Red Deer traveled day and night heading for his camp up the valley. He came to a bend in the river and stopped because he knew his camp was only a fourth of a mile away. He sat and began to cry, calling himself a failure for not finding courage.

Suddenly he heard a loud voice in a tree above him: “Young man, why the self-pity?” Red Deer looked up to see where the voice was coming from. In a tree not more than ten feet away sat a huge Red Tail Hawk. Hawk said, “It is not right for a warrior to cry over anything.” Red Deer replied, “I have failed to find courage.” “How do you know you have failed to find courage?” said Hawk. “I have traveled many miles to find you so I could ask you to take pity on me and help me find courage,” replied Red Deer. Hawk laughed aloud in a deep voice; then stopped as fast as he had laughed. “I am not the one who can give you courage, young man. If you want courage you have to find it within yourself.” Red Deer asked, “How is this possible?”

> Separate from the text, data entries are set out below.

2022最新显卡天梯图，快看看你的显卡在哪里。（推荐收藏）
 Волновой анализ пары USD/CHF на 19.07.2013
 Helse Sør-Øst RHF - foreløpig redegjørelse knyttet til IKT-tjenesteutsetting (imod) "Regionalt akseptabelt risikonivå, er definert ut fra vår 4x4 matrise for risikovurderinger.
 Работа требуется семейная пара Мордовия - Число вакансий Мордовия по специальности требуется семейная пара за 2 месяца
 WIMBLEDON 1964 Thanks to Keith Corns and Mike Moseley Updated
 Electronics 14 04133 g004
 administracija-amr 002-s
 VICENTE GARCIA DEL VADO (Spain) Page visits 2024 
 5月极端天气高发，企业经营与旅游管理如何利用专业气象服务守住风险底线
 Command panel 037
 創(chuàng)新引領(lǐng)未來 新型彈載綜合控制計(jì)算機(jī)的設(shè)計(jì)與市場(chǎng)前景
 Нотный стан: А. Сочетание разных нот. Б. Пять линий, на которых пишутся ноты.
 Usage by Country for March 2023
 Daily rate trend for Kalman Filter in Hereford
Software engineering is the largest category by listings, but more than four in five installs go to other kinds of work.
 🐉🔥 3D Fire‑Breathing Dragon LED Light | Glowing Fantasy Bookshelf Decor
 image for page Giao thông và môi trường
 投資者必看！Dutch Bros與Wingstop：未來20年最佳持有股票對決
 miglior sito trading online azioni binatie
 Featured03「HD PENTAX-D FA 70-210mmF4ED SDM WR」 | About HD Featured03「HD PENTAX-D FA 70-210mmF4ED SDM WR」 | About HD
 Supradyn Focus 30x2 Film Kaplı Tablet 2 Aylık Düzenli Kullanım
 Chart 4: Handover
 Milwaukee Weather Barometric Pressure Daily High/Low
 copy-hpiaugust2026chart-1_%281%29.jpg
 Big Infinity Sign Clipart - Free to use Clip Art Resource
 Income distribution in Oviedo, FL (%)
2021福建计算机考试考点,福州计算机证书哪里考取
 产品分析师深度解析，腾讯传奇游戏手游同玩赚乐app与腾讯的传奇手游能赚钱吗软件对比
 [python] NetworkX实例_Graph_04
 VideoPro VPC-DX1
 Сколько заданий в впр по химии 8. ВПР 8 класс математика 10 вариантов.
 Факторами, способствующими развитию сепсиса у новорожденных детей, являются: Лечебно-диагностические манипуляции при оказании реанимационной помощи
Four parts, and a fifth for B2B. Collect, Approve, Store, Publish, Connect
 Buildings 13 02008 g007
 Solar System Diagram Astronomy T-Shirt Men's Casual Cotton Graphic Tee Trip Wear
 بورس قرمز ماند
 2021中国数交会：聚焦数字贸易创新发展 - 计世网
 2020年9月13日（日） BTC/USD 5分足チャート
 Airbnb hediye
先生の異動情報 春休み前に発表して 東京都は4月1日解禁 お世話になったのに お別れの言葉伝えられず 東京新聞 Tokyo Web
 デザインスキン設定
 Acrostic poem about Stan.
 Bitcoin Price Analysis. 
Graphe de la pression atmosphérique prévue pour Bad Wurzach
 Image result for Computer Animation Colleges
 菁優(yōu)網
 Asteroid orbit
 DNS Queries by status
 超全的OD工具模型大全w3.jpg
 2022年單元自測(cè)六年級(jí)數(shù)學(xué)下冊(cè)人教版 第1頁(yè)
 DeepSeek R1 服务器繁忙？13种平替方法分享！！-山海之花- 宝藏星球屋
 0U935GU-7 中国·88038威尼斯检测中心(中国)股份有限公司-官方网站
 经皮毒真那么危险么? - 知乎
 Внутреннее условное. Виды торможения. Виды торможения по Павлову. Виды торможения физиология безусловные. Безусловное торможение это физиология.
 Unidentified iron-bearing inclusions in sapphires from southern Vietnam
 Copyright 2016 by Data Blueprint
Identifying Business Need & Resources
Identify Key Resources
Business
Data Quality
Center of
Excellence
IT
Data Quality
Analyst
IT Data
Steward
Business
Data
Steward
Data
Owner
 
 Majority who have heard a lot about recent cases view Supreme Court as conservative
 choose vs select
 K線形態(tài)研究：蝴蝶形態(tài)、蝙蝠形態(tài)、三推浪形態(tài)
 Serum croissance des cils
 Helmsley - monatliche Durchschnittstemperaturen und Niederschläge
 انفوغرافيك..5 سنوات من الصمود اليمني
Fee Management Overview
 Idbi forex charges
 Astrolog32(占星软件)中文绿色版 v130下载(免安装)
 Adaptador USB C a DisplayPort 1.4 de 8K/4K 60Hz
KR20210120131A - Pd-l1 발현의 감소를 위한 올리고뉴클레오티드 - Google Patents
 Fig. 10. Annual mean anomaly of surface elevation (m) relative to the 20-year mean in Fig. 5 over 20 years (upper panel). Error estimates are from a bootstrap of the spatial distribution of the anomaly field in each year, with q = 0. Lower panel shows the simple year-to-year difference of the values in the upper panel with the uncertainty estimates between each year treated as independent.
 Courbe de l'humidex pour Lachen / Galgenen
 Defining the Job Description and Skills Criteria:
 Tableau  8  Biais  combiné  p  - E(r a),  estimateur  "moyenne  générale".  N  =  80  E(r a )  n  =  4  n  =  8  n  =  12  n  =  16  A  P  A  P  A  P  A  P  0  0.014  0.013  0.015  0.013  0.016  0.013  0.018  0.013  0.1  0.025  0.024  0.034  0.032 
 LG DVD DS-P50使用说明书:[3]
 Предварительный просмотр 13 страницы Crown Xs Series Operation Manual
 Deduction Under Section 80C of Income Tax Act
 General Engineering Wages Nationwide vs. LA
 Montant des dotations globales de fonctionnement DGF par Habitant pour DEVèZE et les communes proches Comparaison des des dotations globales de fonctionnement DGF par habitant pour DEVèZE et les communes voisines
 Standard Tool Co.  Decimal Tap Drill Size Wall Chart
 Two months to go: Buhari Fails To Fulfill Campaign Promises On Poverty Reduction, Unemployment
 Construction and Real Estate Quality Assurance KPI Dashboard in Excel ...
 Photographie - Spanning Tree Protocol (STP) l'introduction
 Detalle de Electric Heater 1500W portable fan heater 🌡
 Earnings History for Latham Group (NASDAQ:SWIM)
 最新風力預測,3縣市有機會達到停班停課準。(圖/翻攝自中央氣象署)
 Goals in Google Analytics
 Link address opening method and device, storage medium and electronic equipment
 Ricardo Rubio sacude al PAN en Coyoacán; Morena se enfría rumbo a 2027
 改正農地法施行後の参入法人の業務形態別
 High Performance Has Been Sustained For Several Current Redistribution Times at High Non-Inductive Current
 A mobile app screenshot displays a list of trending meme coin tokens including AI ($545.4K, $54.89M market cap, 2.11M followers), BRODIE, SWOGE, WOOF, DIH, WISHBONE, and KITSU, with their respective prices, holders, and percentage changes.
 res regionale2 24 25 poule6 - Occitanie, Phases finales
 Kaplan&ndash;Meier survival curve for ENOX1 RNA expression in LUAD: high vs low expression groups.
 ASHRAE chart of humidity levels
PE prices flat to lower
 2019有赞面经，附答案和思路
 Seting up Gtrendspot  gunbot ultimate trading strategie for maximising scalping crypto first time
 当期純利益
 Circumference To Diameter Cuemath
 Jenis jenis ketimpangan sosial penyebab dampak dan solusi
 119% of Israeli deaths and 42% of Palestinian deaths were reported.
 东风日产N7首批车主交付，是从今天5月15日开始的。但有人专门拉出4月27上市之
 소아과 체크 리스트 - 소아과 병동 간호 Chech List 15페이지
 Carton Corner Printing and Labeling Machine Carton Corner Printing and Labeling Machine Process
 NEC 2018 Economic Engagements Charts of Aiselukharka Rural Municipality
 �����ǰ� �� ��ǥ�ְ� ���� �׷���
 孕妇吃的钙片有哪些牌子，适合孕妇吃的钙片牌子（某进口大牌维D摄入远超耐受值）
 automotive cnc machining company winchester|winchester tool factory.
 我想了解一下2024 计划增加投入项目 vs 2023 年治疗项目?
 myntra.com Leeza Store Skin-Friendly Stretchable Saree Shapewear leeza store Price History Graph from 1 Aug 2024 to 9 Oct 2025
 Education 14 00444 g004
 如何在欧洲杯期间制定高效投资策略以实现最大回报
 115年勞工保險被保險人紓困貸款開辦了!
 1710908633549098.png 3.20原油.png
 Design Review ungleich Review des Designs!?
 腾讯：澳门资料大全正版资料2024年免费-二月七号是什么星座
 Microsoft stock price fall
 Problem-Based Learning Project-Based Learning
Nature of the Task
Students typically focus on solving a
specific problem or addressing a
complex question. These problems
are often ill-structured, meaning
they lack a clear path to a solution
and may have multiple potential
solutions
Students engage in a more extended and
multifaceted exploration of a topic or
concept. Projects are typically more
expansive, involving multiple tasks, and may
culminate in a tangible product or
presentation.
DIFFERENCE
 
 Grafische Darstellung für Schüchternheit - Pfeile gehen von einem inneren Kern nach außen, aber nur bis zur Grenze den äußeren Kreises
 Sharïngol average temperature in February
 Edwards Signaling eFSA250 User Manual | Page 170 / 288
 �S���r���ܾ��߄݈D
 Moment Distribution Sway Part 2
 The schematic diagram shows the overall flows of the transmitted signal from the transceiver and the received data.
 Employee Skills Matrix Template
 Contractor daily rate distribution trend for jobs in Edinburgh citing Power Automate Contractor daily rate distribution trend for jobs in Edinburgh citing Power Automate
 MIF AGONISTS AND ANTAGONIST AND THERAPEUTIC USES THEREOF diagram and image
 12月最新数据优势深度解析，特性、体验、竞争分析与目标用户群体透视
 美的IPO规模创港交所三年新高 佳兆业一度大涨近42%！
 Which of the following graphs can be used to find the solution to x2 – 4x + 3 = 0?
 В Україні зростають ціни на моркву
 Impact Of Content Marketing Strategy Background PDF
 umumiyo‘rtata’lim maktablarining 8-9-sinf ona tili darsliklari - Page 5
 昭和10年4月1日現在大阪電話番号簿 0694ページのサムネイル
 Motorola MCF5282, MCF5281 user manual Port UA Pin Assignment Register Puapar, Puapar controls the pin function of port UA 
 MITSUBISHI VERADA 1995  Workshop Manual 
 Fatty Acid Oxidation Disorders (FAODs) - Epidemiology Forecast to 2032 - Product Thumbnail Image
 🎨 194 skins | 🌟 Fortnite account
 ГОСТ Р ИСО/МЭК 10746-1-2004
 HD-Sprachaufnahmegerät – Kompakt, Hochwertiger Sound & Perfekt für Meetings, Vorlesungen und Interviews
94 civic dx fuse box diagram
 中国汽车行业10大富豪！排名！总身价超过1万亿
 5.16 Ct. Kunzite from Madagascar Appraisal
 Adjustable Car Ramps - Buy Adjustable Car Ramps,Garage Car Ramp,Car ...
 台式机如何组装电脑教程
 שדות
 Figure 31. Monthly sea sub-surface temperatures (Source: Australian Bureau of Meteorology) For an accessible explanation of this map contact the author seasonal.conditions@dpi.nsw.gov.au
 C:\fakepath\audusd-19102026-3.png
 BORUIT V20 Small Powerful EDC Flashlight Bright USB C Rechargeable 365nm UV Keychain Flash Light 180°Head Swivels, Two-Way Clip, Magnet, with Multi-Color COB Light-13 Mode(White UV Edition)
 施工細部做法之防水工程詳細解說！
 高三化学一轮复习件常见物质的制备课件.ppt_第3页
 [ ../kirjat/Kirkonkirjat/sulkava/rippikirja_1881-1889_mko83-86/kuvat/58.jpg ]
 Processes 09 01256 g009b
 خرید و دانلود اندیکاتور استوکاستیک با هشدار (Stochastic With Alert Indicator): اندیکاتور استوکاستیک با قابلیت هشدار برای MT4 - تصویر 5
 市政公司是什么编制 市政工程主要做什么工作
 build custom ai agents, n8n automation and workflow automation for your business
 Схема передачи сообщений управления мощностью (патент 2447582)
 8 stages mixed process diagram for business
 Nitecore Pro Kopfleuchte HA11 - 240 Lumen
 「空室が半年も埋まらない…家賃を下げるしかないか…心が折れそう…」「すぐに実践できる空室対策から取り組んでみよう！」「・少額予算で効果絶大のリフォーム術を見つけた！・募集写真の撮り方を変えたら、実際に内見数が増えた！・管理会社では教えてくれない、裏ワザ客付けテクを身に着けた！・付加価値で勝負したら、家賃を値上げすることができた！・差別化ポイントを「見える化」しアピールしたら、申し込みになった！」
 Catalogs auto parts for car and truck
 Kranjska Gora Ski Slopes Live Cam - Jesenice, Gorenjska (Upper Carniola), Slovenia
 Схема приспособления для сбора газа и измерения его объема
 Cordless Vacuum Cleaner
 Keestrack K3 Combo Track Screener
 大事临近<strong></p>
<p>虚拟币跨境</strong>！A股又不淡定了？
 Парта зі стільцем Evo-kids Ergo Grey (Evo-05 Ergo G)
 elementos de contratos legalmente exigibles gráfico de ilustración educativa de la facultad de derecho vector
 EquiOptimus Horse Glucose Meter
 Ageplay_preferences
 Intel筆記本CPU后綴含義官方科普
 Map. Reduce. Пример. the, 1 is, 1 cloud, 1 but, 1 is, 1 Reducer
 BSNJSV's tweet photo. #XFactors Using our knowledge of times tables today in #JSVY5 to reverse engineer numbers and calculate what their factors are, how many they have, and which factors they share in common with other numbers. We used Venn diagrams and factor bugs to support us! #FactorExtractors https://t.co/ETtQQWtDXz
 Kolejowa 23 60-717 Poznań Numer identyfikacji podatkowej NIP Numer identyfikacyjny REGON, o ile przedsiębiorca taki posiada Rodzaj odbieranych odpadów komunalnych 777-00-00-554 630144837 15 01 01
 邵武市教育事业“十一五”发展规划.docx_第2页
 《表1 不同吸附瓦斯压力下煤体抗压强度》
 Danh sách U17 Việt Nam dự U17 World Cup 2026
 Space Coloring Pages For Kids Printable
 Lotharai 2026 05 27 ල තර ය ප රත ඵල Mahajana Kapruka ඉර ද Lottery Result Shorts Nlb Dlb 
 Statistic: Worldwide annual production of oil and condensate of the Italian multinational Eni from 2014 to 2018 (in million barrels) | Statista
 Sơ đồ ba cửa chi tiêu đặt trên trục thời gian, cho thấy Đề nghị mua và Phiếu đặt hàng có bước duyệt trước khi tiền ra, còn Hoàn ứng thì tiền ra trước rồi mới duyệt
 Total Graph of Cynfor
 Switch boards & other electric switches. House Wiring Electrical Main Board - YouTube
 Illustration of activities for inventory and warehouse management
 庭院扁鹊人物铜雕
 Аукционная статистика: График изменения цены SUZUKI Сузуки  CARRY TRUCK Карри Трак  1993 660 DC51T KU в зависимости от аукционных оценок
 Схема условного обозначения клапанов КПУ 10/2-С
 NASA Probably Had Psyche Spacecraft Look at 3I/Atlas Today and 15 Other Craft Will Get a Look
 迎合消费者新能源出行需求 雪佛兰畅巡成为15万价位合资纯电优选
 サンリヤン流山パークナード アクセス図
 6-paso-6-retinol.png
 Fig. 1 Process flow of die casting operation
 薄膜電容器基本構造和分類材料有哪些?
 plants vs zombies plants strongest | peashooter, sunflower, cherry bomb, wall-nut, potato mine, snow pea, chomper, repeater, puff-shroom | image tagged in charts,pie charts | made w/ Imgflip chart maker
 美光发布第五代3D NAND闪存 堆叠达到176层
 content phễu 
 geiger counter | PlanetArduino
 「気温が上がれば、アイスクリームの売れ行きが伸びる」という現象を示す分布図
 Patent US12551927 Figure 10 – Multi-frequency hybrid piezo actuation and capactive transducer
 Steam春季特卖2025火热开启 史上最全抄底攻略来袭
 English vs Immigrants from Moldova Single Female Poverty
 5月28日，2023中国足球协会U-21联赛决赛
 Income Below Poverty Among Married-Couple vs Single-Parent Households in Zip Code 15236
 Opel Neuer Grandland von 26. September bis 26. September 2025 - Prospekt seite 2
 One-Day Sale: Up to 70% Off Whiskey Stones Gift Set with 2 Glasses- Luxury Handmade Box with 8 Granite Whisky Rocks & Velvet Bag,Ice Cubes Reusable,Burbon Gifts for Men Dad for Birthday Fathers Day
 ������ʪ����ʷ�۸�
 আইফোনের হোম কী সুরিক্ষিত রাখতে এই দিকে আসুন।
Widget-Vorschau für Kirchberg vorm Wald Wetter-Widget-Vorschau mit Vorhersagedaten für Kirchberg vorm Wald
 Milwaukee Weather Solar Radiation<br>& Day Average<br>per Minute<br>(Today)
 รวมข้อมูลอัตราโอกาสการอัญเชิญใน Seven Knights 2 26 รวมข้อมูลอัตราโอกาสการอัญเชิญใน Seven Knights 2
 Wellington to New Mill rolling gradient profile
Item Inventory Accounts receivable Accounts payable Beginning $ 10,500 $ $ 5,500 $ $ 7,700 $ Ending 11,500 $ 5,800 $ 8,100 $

Hawk replied, “When you started on your journey, you were by yourself and had no one to guide you. Although you did not know where I lived, you still kept going because you wanted to find me. When the Fox came to you in a dream, you did not show fear toward him. You did not know what was behind the shelter and stood your ground with only rocks in your hand waiting to fight whatever came from the bushes. Then on your way back home, you did not care if your enemy saw you. You wanted to die because you felt disgraced for not finding courage. You never ran away when I yelled at you. Everything that you have done is a sign of courage, so do not be ashamed because you are a warrior and you must start acting like one. Run on home; your relatives are looking for you. The next time you want courage just think of all the things you have done, and you will find all the courage you need deep within yourself.”

Kevin Crawford is a Native American father of three. He is working toward his Bachelor’s Degree in Elementary Education at Blackfeet Community College, in association with the University of Great Falls.